_The task:_
Below is a listing. Set down exactly the lines from the one containing "Macro view of" through the one containing "Muharram processions in", both ends included, and leave out the rest.

(Entries provided begins)

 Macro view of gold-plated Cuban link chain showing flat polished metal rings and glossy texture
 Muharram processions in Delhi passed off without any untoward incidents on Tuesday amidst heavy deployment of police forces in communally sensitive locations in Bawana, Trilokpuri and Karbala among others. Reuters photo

(Entries provided ends)
(Entries provided begins)

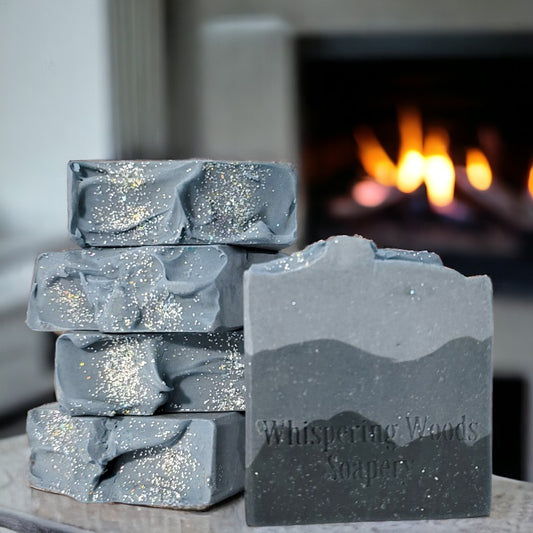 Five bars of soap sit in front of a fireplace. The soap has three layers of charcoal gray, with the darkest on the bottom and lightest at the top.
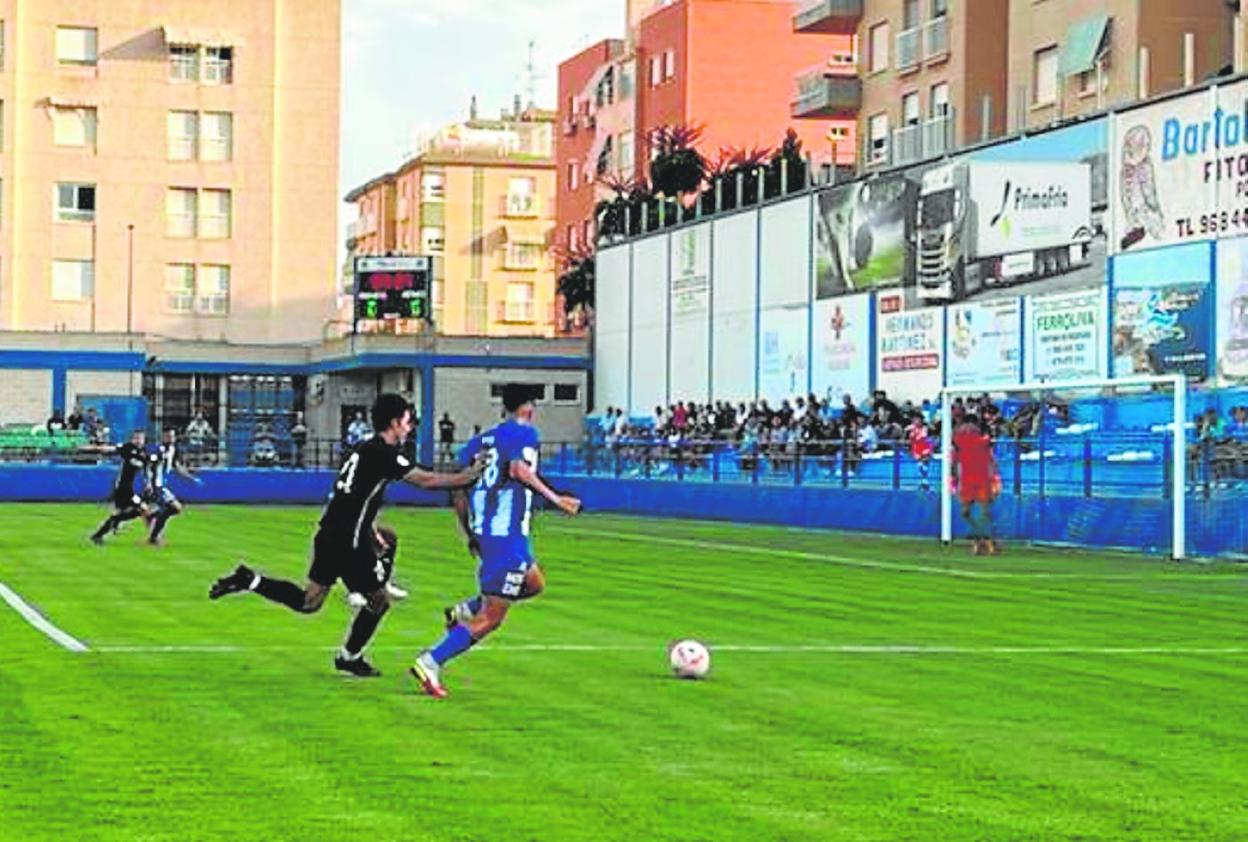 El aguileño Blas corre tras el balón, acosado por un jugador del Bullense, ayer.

(Entries provided ends)

_Answer space:_
 Macro view of gold-plated Cuban link chain showing flat polished metal rings and glossy texture
 Muharram processions in Delhi passed off without any untoward incidents on Tuesday amidst heavy deployment of police forces in communally sensitive locations in Bawana, Trilokpuri and Karbala among others. Reuters photo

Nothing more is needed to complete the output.